Each line below from the "bahrayn davlatining xalqaro" line through the "Vintage Polo Ralph" line, those two included, must be restated word for word; the pictures must not be.

** Supplied material follows **

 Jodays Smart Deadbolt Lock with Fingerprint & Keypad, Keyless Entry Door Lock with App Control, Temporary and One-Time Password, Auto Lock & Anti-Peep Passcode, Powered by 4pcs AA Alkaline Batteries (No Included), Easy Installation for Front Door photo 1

** End of Supplied material **
** Supplied material follows **

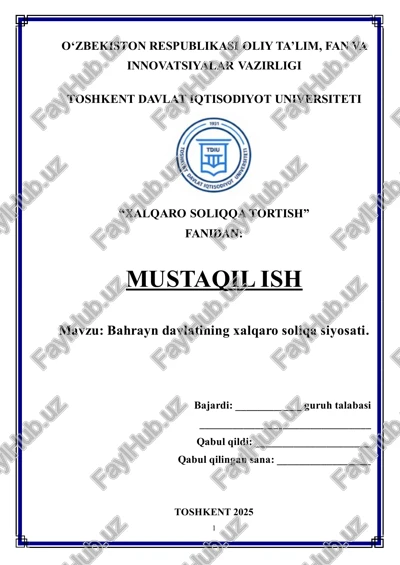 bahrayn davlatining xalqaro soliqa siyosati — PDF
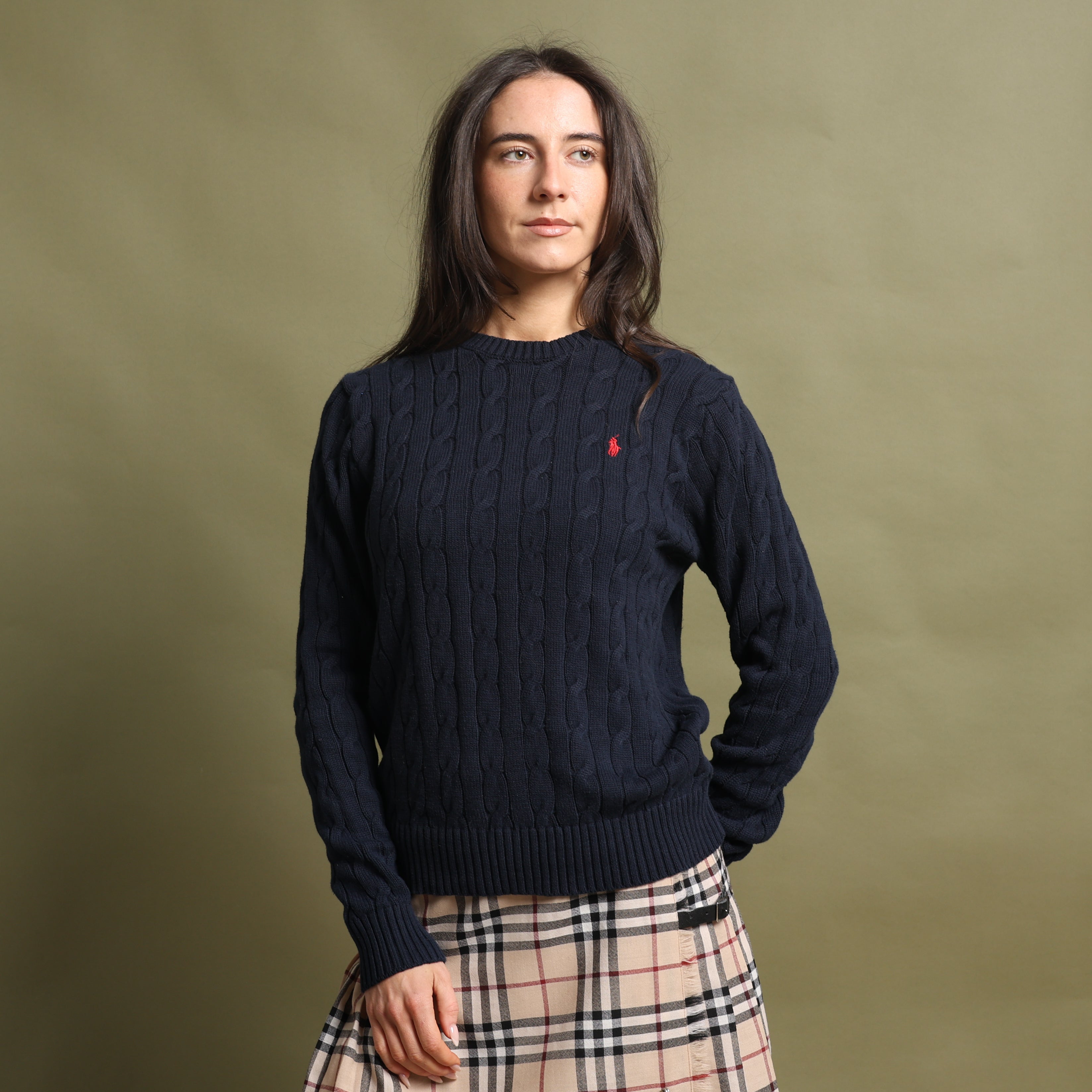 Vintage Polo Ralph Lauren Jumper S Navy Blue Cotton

** End of Supplied material **

> Solution to this task:
 bahrayn davlatining xalqaro soliqa siyosati — PDF
 Vintage Polo Ralph Lauren Jumper S Navy Blue Cotton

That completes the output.